▶ [Work to be completed] Check the entries below for lines with "Orlando"; report only how many there are.
━━ Data shown
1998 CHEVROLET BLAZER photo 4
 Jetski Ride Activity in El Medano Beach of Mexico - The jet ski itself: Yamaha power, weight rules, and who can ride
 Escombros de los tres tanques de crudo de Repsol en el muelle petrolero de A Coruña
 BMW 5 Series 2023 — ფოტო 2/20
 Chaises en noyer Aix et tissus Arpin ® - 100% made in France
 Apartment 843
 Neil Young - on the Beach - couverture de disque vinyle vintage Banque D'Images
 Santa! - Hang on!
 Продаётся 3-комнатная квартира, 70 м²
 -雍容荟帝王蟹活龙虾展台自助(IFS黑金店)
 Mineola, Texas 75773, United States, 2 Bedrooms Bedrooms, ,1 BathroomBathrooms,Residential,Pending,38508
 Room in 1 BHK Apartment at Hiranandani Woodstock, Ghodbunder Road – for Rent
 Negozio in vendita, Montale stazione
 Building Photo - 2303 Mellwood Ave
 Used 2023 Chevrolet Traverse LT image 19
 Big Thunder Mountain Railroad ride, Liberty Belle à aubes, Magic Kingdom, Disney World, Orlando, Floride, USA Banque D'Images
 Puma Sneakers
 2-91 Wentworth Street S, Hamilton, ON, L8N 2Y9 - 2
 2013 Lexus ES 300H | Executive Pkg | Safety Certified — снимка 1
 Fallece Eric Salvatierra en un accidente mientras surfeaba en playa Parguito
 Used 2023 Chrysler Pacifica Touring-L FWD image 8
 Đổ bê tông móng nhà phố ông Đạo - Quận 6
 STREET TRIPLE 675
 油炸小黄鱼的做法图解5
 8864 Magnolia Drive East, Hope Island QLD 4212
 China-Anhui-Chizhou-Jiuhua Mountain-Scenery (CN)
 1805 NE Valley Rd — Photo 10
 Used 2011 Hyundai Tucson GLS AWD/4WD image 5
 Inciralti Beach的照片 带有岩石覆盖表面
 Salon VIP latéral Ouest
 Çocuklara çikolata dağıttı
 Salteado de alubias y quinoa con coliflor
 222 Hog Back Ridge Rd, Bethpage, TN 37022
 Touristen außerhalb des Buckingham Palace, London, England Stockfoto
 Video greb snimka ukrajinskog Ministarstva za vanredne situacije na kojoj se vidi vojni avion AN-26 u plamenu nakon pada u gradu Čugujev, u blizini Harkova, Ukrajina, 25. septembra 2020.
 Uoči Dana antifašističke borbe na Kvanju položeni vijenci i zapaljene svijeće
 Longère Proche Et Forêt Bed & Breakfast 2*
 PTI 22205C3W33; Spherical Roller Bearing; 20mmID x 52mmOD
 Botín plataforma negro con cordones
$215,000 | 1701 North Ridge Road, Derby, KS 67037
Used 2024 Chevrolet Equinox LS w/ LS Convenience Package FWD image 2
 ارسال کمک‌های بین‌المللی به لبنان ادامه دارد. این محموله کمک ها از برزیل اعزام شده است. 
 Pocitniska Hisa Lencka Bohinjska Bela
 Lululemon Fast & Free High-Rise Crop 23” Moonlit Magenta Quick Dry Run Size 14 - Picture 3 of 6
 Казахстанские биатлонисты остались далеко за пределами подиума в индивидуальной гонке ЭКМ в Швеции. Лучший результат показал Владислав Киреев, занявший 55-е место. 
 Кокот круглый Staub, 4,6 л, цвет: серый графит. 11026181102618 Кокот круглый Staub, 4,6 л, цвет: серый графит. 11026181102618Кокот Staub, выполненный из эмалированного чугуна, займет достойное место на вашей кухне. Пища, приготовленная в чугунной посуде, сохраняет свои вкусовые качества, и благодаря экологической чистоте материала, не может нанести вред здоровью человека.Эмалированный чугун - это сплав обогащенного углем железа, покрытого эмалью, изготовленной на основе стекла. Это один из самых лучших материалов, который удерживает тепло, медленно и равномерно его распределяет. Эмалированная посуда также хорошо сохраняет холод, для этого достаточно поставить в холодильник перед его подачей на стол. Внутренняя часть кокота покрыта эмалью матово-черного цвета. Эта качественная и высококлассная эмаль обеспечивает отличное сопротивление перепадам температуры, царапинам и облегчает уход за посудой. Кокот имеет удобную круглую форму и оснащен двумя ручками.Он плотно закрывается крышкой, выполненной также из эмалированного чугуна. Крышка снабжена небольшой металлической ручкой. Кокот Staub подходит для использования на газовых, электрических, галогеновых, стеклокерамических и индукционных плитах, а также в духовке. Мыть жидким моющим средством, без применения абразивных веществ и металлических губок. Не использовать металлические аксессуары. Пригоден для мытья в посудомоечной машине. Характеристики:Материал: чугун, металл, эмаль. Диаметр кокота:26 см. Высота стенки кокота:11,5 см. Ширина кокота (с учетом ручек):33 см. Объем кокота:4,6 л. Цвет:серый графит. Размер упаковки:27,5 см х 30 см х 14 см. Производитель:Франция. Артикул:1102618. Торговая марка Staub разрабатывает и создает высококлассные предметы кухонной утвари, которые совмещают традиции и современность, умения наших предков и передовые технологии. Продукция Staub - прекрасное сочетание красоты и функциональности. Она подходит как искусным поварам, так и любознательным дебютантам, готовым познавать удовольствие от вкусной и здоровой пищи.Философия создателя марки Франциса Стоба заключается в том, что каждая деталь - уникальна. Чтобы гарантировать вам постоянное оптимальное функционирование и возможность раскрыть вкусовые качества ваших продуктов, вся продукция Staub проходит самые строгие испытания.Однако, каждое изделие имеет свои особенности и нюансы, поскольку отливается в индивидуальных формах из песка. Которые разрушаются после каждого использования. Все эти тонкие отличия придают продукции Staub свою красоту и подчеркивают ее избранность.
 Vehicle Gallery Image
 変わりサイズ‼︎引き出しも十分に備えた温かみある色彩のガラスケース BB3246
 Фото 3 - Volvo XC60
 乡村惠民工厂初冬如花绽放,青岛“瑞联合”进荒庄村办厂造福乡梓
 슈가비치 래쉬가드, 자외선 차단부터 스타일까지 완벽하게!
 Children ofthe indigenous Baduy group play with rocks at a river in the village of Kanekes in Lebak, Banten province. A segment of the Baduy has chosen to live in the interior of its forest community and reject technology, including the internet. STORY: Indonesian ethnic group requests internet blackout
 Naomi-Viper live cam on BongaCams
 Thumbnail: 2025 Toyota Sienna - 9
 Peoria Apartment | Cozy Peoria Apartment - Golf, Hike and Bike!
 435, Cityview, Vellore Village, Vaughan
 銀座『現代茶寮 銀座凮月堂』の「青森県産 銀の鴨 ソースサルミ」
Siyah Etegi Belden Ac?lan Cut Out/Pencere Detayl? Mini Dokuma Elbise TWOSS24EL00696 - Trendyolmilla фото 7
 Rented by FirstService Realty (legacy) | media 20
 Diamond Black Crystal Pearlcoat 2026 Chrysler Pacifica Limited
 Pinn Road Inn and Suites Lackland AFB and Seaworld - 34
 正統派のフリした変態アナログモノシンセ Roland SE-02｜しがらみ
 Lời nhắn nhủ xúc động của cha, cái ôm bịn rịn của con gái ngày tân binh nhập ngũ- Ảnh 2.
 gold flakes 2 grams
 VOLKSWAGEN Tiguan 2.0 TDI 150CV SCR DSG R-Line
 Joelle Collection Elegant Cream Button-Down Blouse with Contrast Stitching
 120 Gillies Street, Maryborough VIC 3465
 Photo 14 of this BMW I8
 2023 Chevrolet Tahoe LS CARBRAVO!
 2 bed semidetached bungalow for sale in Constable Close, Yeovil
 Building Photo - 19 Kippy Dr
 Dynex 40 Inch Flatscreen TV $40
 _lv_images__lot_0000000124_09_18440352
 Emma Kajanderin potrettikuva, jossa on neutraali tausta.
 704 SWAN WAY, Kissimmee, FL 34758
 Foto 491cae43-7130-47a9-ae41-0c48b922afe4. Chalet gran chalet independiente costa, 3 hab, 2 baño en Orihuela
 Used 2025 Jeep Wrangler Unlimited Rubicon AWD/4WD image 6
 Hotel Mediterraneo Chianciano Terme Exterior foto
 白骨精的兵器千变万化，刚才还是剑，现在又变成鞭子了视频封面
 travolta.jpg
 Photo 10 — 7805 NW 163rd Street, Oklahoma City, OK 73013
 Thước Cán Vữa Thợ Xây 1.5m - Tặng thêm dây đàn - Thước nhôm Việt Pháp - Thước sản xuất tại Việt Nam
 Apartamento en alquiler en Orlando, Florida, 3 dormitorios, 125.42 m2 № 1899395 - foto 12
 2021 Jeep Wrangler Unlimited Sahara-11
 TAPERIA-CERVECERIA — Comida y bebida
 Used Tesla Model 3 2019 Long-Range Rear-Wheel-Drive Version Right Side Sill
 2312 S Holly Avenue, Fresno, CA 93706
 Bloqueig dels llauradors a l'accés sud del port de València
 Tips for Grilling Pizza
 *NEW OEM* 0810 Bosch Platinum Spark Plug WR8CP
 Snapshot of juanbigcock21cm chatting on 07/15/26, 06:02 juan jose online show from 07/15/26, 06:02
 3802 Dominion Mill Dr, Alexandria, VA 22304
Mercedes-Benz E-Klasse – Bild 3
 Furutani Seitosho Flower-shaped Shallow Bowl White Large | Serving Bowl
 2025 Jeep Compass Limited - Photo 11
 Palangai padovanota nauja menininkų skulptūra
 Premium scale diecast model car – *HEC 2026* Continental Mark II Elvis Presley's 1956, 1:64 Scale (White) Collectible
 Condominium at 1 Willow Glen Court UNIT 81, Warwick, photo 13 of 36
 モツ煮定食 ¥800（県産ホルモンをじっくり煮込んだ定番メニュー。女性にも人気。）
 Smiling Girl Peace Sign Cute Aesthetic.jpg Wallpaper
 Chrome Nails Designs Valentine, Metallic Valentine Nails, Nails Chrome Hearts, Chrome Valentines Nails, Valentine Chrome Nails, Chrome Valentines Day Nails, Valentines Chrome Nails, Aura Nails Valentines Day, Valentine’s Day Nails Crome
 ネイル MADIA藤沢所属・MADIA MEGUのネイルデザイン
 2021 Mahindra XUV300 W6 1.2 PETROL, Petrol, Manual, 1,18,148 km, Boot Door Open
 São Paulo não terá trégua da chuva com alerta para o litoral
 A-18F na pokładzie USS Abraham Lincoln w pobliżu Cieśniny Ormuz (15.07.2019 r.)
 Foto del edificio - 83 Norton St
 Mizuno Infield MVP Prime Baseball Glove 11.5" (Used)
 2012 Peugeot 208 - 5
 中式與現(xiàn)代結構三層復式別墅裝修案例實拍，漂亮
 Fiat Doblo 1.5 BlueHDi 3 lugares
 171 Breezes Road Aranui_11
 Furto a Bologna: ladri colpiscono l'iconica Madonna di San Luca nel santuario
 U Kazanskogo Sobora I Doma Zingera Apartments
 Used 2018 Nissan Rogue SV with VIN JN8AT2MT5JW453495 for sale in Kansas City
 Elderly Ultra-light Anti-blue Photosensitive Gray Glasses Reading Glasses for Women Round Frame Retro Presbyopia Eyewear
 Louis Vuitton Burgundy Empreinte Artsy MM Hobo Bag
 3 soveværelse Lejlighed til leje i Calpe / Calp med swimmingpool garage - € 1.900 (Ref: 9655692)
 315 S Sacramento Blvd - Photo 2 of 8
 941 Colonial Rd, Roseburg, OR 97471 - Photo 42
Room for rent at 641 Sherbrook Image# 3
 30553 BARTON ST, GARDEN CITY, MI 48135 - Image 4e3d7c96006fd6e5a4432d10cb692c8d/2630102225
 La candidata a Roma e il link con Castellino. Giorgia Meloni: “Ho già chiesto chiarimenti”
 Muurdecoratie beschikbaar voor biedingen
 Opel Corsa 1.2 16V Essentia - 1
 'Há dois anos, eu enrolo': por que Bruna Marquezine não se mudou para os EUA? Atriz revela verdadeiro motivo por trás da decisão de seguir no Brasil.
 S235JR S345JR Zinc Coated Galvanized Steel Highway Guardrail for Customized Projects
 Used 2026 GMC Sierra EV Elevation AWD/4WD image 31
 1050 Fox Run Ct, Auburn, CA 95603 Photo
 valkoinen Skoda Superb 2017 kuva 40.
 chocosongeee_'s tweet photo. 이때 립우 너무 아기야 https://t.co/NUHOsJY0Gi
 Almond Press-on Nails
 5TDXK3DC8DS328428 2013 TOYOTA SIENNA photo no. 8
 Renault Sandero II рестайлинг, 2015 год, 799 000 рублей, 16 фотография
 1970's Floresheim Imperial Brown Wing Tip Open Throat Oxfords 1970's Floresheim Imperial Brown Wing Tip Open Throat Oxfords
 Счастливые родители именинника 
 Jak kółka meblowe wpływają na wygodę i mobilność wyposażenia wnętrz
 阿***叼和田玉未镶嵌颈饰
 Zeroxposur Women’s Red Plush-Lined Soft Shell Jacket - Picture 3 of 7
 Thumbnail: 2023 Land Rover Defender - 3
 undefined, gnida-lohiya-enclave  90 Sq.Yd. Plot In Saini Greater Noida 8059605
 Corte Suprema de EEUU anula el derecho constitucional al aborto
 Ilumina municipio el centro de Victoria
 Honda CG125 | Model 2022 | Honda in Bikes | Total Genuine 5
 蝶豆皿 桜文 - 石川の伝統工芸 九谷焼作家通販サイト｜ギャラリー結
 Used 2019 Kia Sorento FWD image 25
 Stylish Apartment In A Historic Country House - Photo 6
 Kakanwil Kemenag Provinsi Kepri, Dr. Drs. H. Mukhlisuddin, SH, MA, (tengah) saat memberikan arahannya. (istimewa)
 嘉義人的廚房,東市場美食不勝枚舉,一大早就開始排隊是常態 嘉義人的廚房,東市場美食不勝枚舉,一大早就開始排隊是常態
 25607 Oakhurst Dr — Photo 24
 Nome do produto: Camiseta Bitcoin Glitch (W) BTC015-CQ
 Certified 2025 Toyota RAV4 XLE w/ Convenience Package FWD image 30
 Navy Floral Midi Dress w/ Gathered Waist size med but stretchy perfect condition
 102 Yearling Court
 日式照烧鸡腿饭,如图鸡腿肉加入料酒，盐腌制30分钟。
━━━━
▶ [Answer box] 2